System, UI and end-to-end tests
In the hexagonal architecture, end-to-end tests run through the entire system, from the user interface to the database, to order processing and fulfillment. As such, they can exercise a lot of functionality quickly.
End-to-end tests run across the entire user interface (UI). If anything changes at the UI level, a graphical test runs the risk of flagging a false error. The sum of those risks over time creates a new kind of maintenance.
Programmers may need to add testability hooks into the application. Adding UI tests can be expensive over time.
One approach to breaking down UI tests is the DOM-to-database technique. Popularized by Titus Fortner of Sauce Labs, DOM-to-database tests run a sliver of functionality. Those tests are quick to write, quick to run and rarely grow out of date.
These tests ensure that the software does what the programmer expects it to, but they cannot handle the case where the programmer misunderstands the requirement. Also, these tests won't help in cases where no one considers how the software should handle certain situations. To reduce that risk, turn to acceptance tests.
Think of acceptance tests as the bare minimum possible for the software to function. Software that passes an acceptance test doesn't necessarily work, but a failed acceptance test definitely means the software does not work.
In Agile software development, a project team defines what acceptance will mean before programmers write code. Having real, working examples is similar to having the quiz questions before you read a textbook. This approach allows programmers to discuss what the software should do, and it prevents entire misunderstandings that lead to errors in the product.
Acceptance tests cross at least two sides of the hexagon. They can often be written in plain language and in a checklist style. Cucumber is a popular open source framework to turn acceptance tests into automated checks. SpecFlow does similar work for .NET software. The trouble here is that teams sometimes create what are essentially system or end-to-end tests with more layers of complexity. The value of acceptance tests is in the conversation. If those discussions aren't happening, automating acceptance will likely limit conversation and shared understanding.
Simple performance tests can be as easy as reusing the UI tests and timing them. When an operation takes too long, send up an alarm. Load testing generally checks system response as the number of users increases. Like security testing, it's a software test method that used to happen at the end of a project. Performance testing is useful because it happens continuously -- or at least frequently enough to predict costs in the cloud.

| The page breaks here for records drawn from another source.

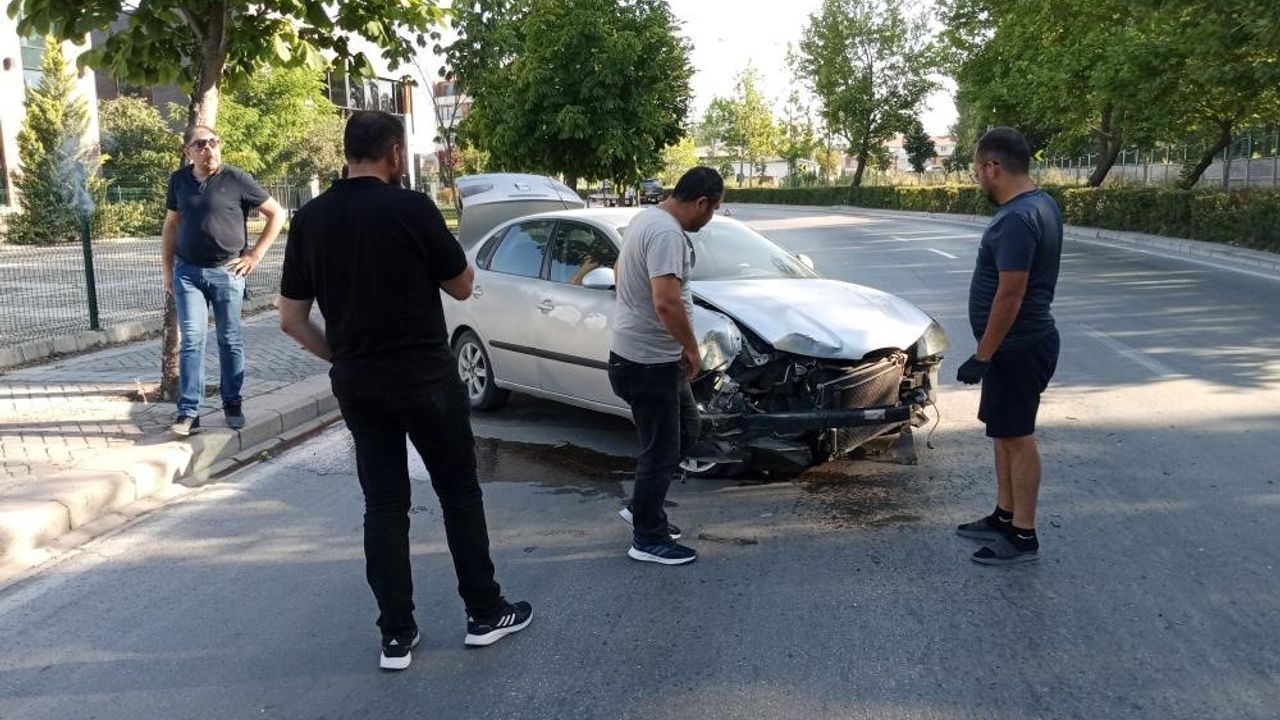 Eskişehir'de virajı alamayan araç ağaca çarptı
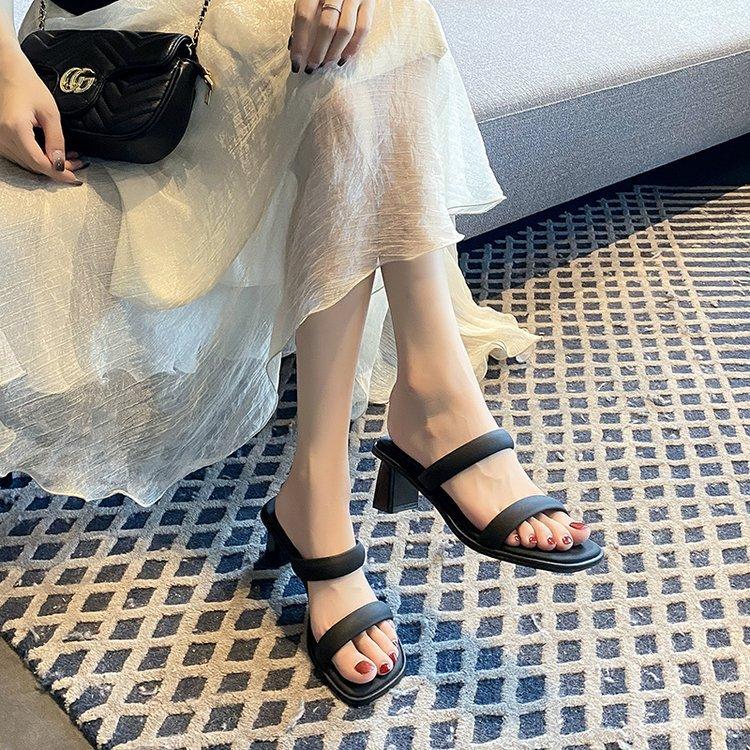 

thick heel with small cool slippers women s summer 2024 new outer wear French retro temperament high heels sandals 35 чёрный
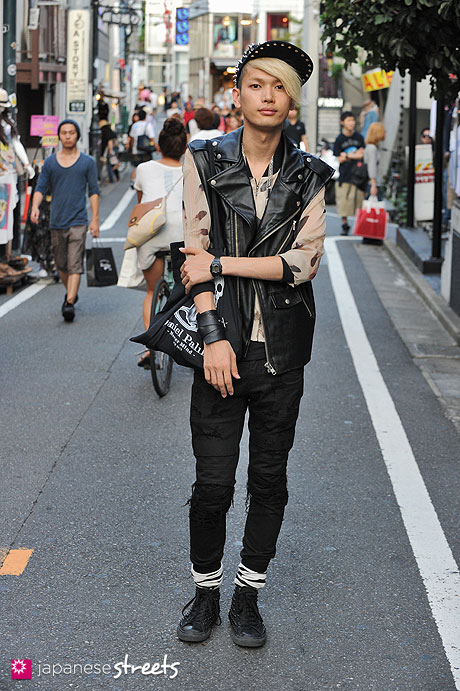 120816-1167: Japanese street fashion in Harajuku, Tokyo (Grico, Monomania, Yaponski, Daniel Palillo)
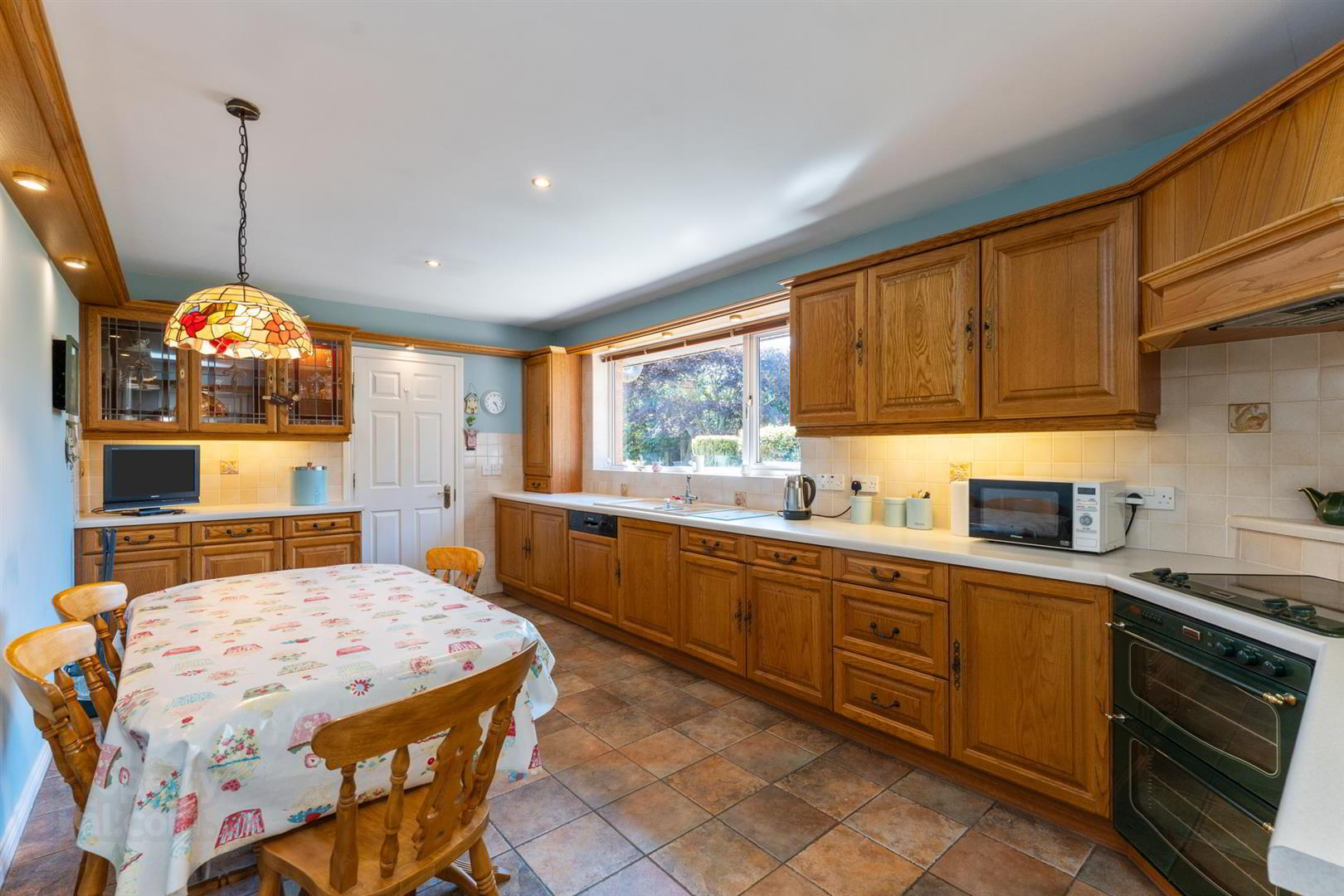 8 Aldergrange Avenue 10 of 25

Run the tool for a day in the cloud with a number of daily users, and, if your model of time using the application is accurate, you'll be able to determine the app's per-day cloud cost.
Humans frequently use tools to speed up penetration tests. These tools, such as Nmap, Advanced IP Scanner and Advanced Port Scanner, scan an entire network to find open ports and device signatures. Once you've got a list of IP addresses and open ports and systems, other tools in your test arsenal can try to spot weaknesses. In that sense, penetration testing is highly automated.
Test, but talk first
The ability to design tests, execute them, report, learn and adjust strategy in real time while switching between activities is uniquely human.
A traditional automated test is a test the first time it runs. After that, strictly speaking, that test becomes change detection.
Still, most teams want to do more with test tooling. But where? And what do you do less of in order to do more of something else? At a Scrum cadence, a team can agree to experiment with automating a new type of check, at least for a week or two. Scrum gives teams the tools to create and measure these types of experiments.
Analyze which software testing methods might be practical for your particular projects, form a hypothesis on how to test better, then experiment with it for a sprint or two.